--- MATERIALS PROVIDED Enclosed Below ---

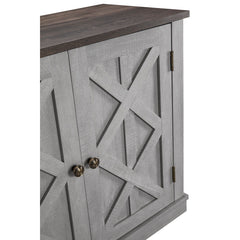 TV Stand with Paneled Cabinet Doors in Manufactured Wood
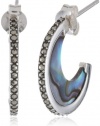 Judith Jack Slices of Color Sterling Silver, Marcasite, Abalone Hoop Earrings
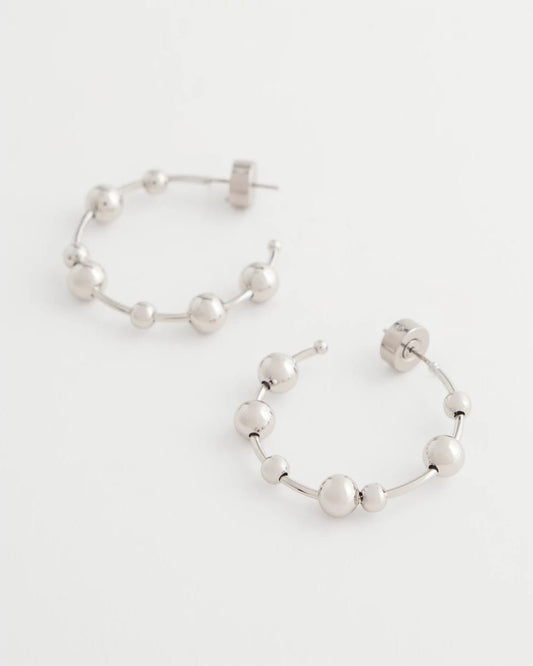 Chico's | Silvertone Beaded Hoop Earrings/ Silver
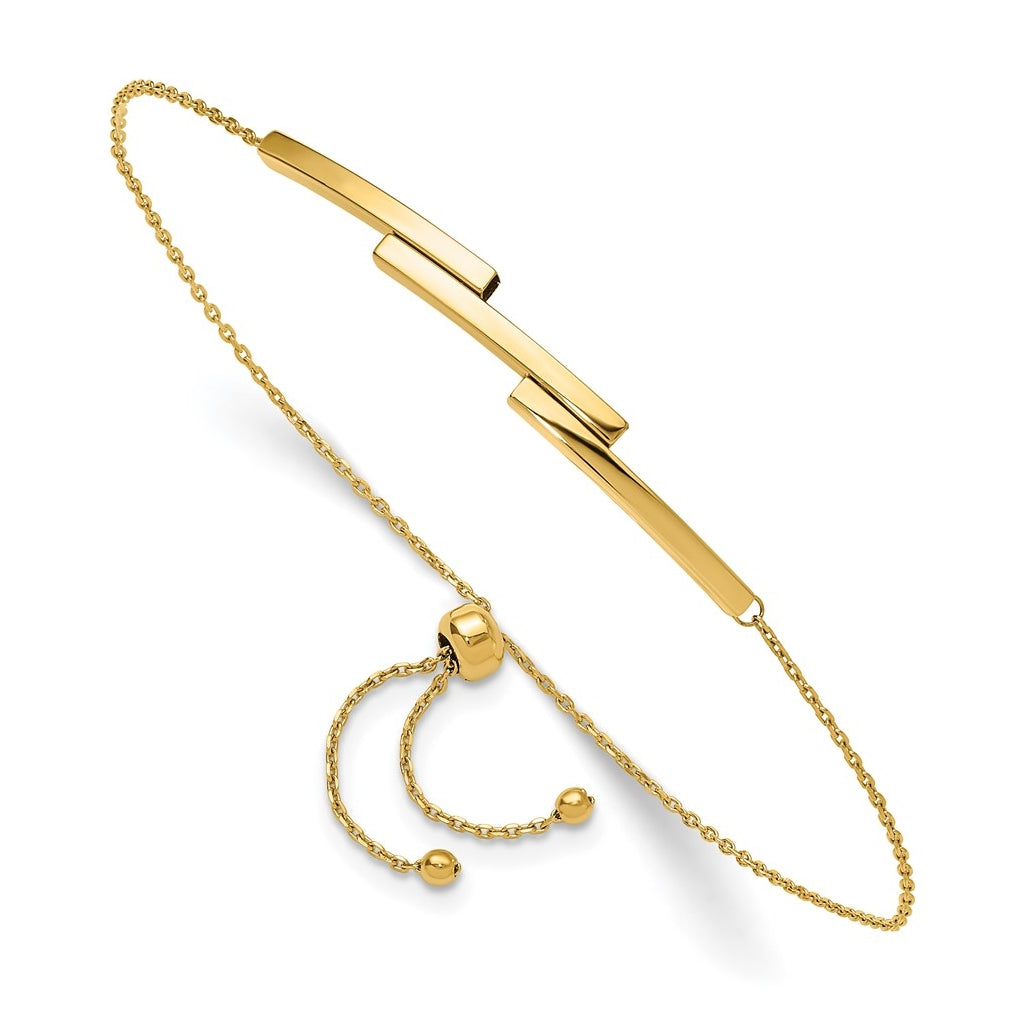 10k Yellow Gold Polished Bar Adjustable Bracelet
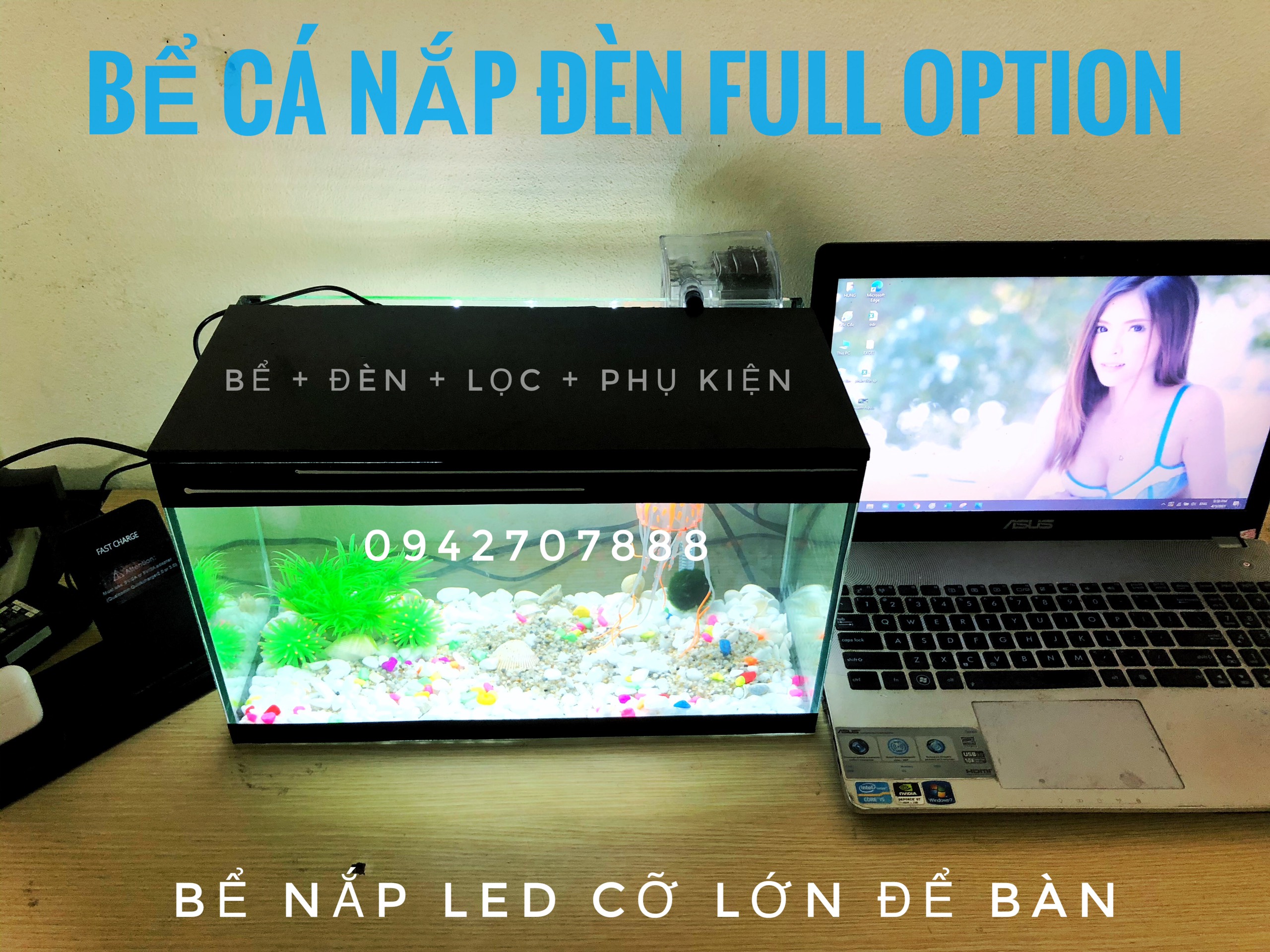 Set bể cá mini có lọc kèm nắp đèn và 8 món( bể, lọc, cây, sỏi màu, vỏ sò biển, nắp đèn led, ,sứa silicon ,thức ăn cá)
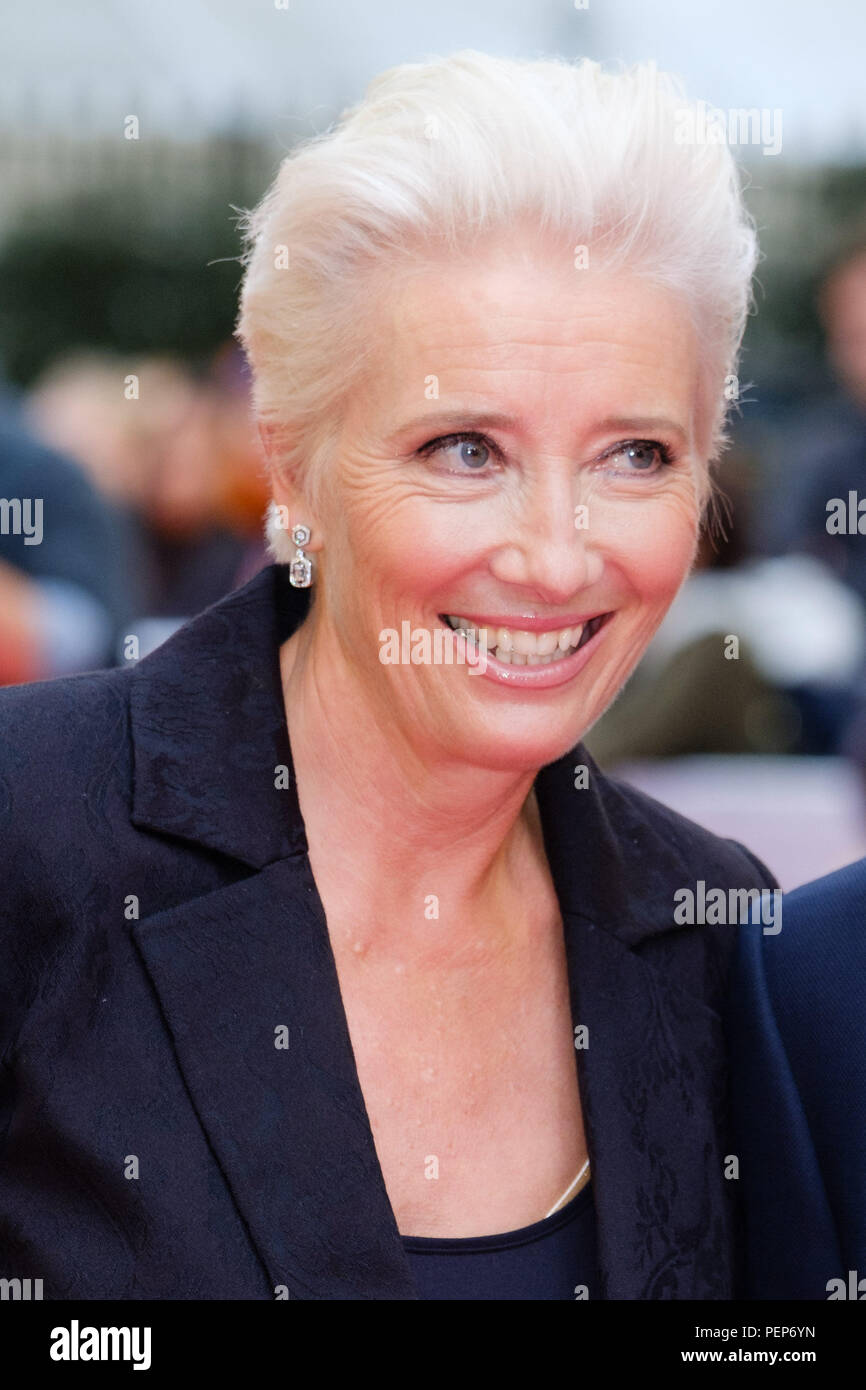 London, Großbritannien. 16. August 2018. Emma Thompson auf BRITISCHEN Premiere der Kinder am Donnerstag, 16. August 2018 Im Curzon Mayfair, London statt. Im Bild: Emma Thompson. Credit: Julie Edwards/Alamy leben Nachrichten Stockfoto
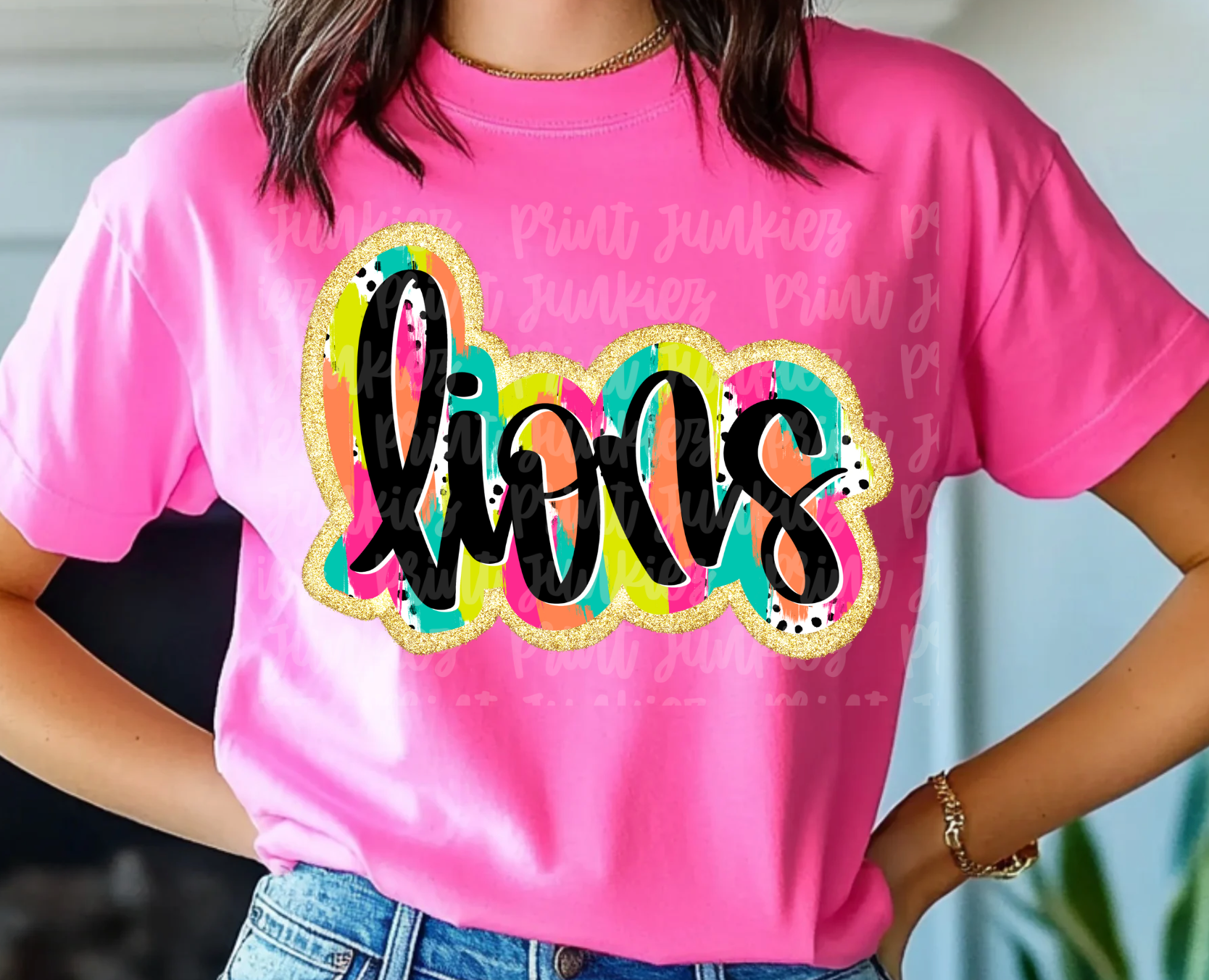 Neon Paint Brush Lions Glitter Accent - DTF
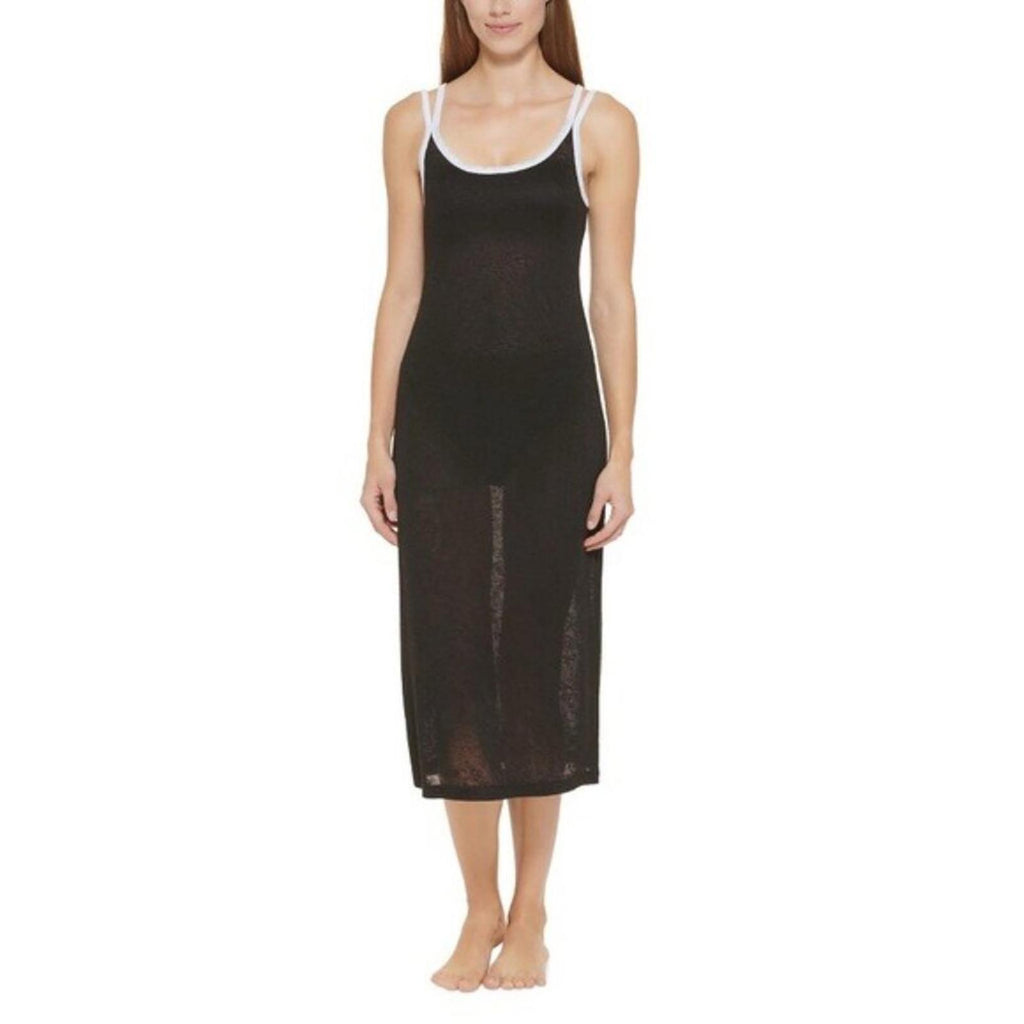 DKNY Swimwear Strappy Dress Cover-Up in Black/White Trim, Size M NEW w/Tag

--- End of Enclosed MATERIALS PROVIDED ---

- WHAT THIS TASK INVOLVES
Reproduce nothing but the lines that run from the line containing "10k Yellow Gold" through the last line of the records, inclusive. Omit the pictures.

- SOLUTION TO THIS TASK
 10k Yellow Gold Polished Bar Adjustable Bracelet
 Set bể cá mini có lọc kèm nắp đèn và 8 món( bể, lọc, cây, sỏi màu, vỏ sò biển, nắp đèn led, ,sứa silicon ,thức ăn cá)
 London, Großbritannien. 16. August 2018. Emma Thompson auf BRITISCHEN Premiere der Kinder am Donnerstag, 16. August 2018 Im Curzon Mayfair, London statt. Im Bild: Emma Thompson. Credit: Julie Edwards/Alamy leben Nachrichten Stockfoto
 Neon Paint Brush Lions Glitter Accent - DTF
 DKNY Swimwear Strappy Dress Cover-Up in Black/White Trim, Size M NEW w/Tag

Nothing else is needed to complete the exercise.